To see heaven in a flower

Recently, I moved this  Mary figurine off of the bookshelf and into the kitchen window.

I got the idea to do so from a friend of mine, who has a Madonna and child statue standing in her kitchen window.   I saw that and thought, I need some  Mary in my kitchen, too.   (Not to say that she’d been totally absent; on the fridge is a fabulously kitschy magnet of the Holy Family that I bought in New York’s Little Italy about twelve years ago).   But I felt the need to have Mary displayed a little more prominently, so I added her to the greenhouse window, right in front of the Gurgling Cod pitcher that my Bostonian friend gave me for my wedding shower.

I like this little statue of Mary because she’s smiling into the petals of a rose.   I have kind of a thing for roses, as you might know, so this Mary looks like a true kindred spirit.  And I love the image of a woman pausing in her day to gaze into the depths of a flower, which, if you’ve ever done it, is quite an awe-inspiring experience.  This evening, as I was making dinner and looking at Mary, I found myself remembering a line  from a William Blake poem: “To see a world in a grain of sand, and heaven in a wild flower.”

By putting Mary in the kitchen window, I’d hoped to add a little blessing to the chaos of my kitchen.   There are many, many times that I am in this room and I’m frazzled: mornings when I am hastily slapping together a sandwich before heading out to work; evenings when I am making dinner and assembling the boys’  lunches for the next day, trying to keep track of who eats what; afternoons when I am unloading the dishwasher while keeping one ear cocked to the ominous thumps in the living room, which usually indicate that my sons are doing things like jump from chair to chair in the manner of Arctic  ice floes, a pastime which never ends well.  There are times where being in the kitchen is wonderfully relaxing — weekend mornings, say, when I have time to linger over coffee and admire the sunshine drenching the room — but a lot of the time, when I’m in here, my own stress level is close to boiling and my own mind is as cluttered as the chaotic shelves of my fridge.

Hence the addition of Mary.   If anyone can impart a little calmness to this crazy scene, I figured that she can.

And you know what?  Having her there makes a difference.
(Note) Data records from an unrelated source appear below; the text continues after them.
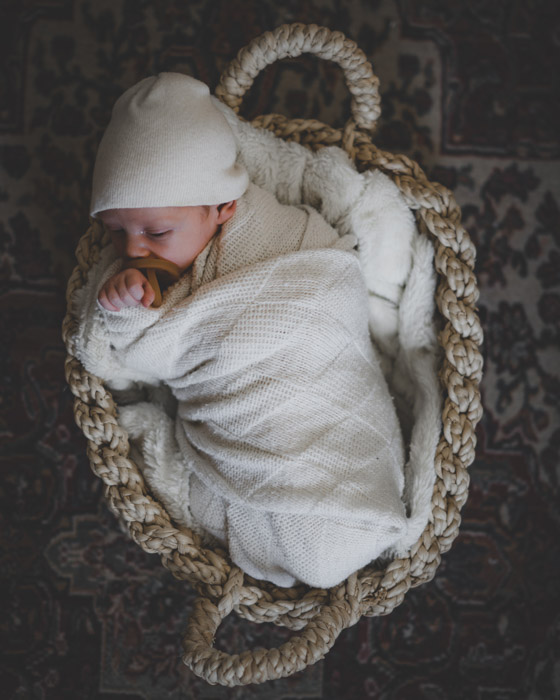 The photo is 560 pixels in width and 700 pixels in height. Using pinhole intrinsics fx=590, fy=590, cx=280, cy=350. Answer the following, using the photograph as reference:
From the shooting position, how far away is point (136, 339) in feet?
2.81

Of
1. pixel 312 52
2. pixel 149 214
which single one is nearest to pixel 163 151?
pixel 149 214

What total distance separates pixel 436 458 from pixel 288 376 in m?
0.28

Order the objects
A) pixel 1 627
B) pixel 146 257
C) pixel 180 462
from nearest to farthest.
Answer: pixel 146 257 < pixel 180 462 < pixel 1 627

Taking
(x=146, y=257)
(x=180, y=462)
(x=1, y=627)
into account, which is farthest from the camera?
(x=1, y=627)

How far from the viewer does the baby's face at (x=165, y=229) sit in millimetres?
795

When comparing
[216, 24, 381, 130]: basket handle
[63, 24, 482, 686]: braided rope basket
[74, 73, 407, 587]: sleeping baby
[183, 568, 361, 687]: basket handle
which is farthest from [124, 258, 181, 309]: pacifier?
[183, 568, 361, 687]: basket handle

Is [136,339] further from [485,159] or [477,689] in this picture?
[477,689]

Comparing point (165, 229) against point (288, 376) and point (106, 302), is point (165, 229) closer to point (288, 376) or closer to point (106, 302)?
point (106, 302)

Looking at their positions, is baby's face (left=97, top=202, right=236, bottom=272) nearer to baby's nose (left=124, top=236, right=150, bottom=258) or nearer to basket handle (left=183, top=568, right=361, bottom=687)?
baby's nose (left=124, top=236, right=150, bottom=258)

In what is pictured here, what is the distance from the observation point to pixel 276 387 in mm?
813

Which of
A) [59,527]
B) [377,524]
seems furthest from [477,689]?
[59,527]

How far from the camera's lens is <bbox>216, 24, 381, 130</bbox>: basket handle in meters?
0.87

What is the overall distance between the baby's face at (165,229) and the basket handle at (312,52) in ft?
0.76

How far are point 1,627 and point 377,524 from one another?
0.77 m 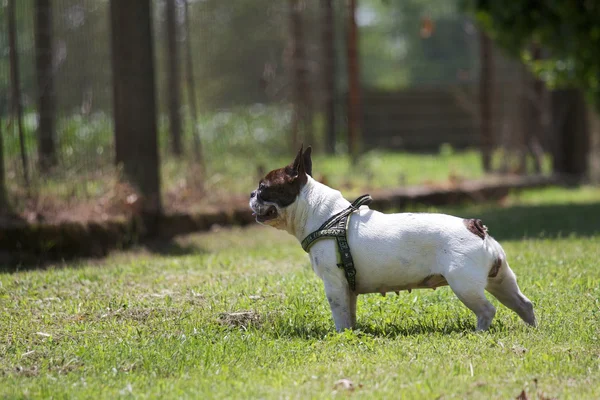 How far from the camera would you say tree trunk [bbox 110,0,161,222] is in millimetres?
11914

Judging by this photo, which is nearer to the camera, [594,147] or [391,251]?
[391,251]

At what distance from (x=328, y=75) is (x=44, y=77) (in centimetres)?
1030

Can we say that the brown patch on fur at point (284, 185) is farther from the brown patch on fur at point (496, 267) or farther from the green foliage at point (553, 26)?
the green foliage at point (553, 26)

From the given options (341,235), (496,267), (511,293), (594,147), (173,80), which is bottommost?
(594,147)

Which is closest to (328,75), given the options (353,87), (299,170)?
(353,87)

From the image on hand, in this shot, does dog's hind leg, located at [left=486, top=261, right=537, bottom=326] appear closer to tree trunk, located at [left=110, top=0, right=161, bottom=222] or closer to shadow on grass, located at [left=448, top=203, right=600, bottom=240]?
shadow on grass, located at [left=448, top=203, right=600, bottom=240]

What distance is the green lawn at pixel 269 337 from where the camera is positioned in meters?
4.96

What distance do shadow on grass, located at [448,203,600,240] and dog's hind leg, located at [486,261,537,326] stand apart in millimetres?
4371

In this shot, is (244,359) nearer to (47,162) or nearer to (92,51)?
(47,162)

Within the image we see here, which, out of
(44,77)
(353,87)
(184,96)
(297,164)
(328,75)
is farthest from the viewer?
(328,75)

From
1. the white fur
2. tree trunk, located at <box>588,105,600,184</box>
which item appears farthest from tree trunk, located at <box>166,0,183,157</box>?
tree trunk, located at <box>588,105,600,184</box>

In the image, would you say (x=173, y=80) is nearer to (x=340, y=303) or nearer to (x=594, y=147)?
(x=340, y=303)

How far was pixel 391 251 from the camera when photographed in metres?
6.15

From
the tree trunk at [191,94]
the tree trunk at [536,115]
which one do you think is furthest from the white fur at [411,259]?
the tree trunk at [536,115] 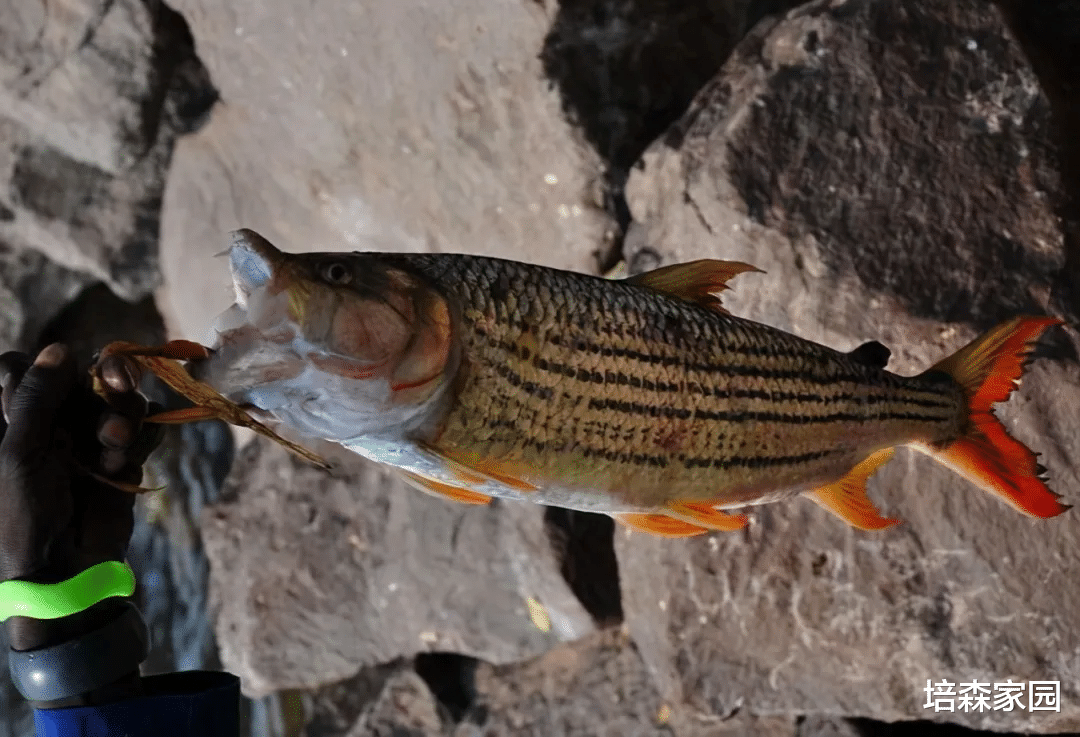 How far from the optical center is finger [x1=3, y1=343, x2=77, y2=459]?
1388 millimetres

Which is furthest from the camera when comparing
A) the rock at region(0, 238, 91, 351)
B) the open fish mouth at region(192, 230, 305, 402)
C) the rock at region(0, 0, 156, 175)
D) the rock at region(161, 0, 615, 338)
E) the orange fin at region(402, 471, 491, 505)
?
the rock at region(0, 238, 91, 351)

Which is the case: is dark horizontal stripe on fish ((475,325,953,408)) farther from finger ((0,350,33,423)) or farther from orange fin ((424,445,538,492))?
finger ((0,350,33,423))

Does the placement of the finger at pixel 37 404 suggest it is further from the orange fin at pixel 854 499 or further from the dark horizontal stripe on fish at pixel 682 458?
the orange fin at pixel 854 499

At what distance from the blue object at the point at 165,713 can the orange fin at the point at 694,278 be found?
1121mm

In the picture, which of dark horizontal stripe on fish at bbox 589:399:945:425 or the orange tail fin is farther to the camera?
the orange tail fin

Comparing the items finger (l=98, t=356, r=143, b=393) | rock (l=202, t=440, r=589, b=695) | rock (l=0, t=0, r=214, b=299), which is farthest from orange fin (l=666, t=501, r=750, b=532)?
rock (l=0, t=0, r=214, b=299)

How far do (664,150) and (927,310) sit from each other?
30.9 inches

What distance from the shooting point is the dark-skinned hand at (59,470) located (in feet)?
4.56

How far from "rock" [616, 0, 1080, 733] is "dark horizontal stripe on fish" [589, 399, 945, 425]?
0.63 meters

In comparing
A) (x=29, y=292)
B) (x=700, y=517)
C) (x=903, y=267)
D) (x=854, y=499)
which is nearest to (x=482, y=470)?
(x=700, y=517)

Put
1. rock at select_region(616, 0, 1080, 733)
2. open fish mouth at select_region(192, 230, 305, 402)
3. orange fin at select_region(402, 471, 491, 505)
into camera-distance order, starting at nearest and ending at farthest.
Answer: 1. open fish mouth at select_region(192, 230, 305, 402)
2. orange fin at select_region(402, 471, 491, 505)
3. rock at select_region(616, 0, 1080, 733)

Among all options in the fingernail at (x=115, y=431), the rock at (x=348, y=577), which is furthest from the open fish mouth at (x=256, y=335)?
the rock at (x=348, y=577)

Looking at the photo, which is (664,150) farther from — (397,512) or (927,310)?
(397,512)

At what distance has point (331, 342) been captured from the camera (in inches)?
42.5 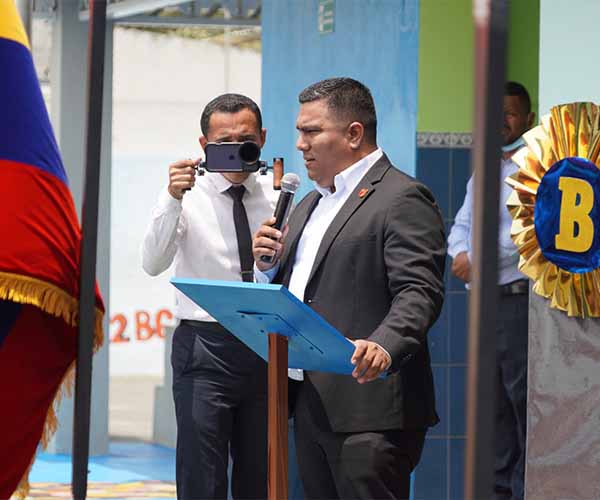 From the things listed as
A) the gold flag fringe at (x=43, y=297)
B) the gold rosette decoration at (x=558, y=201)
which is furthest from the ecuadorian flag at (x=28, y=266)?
the gold rosette decoration at (x=558, y=201)

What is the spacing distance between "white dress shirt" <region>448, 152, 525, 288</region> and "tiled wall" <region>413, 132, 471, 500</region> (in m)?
0.14

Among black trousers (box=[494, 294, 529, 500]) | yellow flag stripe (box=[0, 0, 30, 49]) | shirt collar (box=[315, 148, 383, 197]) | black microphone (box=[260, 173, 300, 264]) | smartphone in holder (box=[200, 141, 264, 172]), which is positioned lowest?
black trousers (box=[494, 294, 529, 500])

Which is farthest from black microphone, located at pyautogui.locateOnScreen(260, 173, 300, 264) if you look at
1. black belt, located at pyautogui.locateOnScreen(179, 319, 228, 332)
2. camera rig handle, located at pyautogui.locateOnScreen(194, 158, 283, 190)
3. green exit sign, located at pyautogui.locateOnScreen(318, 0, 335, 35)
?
green exit sign, located at pyautogui.locateOnScreen(318, 0, 335, 35)

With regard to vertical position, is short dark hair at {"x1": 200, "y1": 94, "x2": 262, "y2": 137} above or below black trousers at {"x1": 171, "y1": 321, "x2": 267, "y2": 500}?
above

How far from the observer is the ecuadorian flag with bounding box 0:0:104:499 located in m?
2.54

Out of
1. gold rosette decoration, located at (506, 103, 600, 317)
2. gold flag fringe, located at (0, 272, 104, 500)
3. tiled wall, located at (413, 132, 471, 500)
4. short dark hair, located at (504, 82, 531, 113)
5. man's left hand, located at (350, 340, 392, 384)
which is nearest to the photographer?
gold flag fringe, located at (0, 272, 104, 500)

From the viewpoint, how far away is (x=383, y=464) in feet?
12.2

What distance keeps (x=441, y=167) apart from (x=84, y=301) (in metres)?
3.73

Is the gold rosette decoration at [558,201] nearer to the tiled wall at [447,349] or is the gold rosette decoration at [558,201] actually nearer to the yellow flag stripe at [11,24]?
the tiled wall at [447,349]

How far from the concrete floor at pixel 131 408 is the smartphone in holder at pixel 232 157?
5.47 metres

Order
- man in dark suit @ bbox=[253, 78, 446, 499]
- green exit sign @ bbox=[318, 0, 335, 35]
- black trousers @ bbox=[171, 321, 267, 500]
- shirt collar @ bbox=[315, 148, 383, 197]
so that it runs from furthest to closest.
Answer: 1. green exit sign @ bbox=[318, 0, 335, 35]
2. black trousers @ bbox=[171, 321, 267, 500]
3. shirt collar @ bbox=[315, 148, 383, 197]
4. man in dark suit @ bbox=[253, 78, 446, 499]

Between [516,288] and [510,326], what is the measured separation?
0.53 ft

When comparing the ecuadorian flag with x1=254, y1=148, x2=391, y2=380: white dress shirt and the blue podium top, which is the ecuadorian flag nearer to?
the blue podium top

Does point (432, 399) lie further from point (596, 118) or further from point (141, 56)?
point (141, 56) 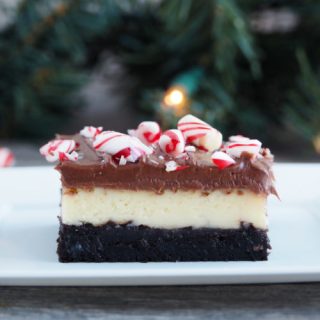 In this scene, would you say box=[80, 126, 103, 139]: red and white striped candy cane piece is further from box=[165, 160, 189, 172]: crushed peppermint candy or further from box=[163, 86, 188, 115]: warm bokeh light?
box=[163, 86, 188, 115]: warm bokeh light

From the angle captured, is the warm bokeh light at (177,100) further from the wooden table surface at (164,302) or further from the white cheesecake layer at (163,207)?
the wooden table surface at (164,302)

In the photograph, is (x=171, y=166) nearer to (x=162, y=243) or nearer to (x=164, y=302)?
(x=162, y=243)

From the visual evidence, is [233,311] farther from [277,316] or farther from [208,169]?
[208,169]

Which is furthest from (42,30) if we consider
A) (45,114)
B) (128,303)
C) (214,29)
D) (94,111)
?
(128,303)

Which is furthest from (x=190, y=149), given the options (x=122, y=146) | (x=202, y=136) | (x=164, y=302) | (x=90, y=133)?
(x=164, y=302)

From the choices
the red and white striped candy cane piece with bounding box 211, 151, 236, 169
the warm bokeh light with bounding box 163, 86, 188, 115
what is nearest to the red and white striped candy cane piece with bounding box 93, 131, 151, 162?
the red and white striped candy cane piece with bounding box 211, 151, 236, 169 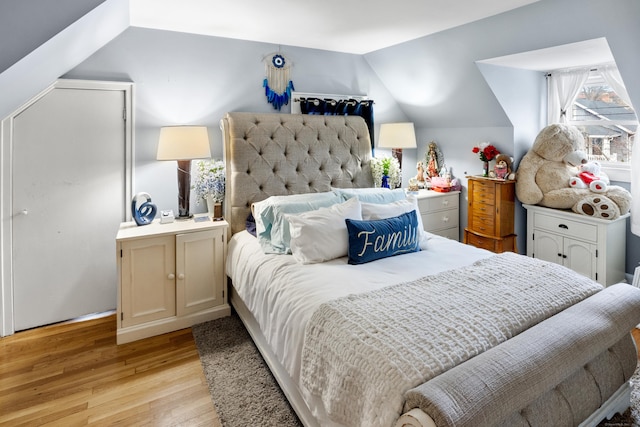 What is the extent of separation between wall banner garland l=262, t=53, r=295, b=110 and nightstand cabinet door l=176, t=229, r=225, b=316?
1.39 meters

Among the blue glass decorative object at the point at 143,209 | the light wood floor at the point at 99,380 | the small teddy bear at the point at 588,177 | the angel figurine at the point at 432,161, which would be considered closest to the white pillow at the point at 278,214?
the blue glass decorative object at the point at 143,209

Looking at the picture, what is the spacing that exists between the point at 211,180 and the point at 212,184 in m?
0.03

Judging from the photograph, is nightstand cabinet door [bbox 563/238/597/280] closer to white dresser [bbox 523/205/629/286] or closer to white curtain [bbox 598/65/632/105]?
white dresser [bbox 523/205/629/286]

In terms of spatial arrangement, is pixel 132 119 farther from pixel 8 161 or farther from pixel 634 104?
pixel 634 104

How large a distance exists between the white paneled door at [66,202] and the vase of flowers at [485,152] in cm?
324

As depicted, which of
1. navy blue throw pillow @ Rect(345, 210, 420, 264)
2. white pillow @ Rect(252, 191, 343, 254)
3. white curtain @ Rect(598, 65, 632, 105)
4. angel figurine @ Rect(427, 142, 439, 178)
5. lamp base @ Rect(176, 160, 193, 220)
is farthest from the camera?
angel figurine @ Rect(427, 142, 439, 178)

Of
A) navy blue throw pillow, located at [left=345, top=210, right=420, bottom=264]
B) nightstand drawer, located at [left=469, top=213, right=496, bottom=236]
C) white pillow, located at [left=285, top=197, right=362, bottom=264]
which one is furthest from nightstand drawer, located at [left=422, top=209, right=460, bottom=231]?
white pillow, located at [left=285, top=197, right=362, bottom=264]

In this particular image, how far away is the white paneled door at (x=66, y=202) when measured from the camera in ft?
8.64

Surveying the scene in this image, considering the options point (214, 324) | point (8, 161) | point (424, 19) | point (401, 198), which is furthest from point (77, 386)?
point (424, 19)

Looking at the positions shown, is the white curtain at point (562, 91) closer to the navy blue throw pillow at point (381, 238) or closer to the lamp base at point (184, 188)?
the navy blue throw pillow at point (381, 238)

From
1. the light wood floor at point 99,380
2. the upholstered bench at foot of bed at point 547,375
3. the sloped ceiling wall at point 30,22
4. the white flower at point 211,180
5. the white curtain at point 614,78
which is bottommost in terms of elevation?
the light wood floor at point 99,380

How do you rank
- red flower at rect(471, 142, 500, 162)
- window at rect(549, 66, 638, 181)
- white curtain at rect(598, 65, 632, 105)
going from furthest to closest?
red flower at rect(471, 142, 500, 162) < window at rect(549, 66, 638, 181) < white curtain at rect(598, 65, 632, 105)

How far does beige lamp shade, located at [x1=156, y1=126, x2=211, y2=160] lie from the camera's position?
2.72 metres

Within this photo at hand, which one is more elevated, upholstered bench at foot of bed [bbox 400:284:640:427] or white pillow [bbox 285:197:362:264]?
white pillow [bbox 285:197:362:264]
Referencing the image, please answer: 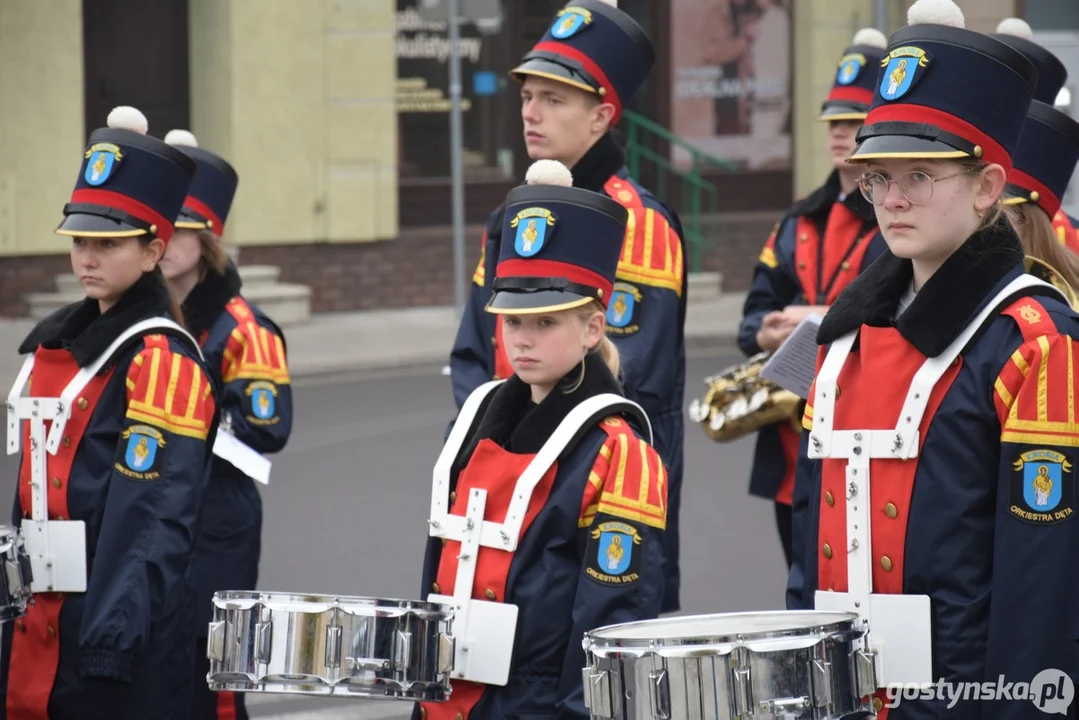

I’m not going to say that I have become totally serene, or that I don’t still rush around like the cook on Downton Abbey, hastily banging pot lids on the stove.  But in all the rushing, I see Mary and her flower, and I’m reminded that there is something sacred in all of this.  Catching a glimpse of her is like a wordless prayer: she reminds me to breathe, and to remember that I have a faith and a belief system that recognizes the holiness in the everyday.  She is a reminder that all the things I do in the kitchen, even if they are frustrating, stem from the blessings that exist in my life, layer upon layer of them.  Those dirty dishes are proof of enough to eat; the lunchboxes I pack are proof of my boys, whom I love beyond words; the coffee grounds that I wipe up are proof of my husband, coffee-maker extraordinaire and my soulmate to boot.   If I stop and look into my life, I see those blessings, layered as deep as the petals in a rose .. and I’m all the happier for doing so.

That’s why I love having her here, this Mary in the window.  She invites me to see heaven in a wildflower, yes — and she invites me to see heaven in my own kitchen, too.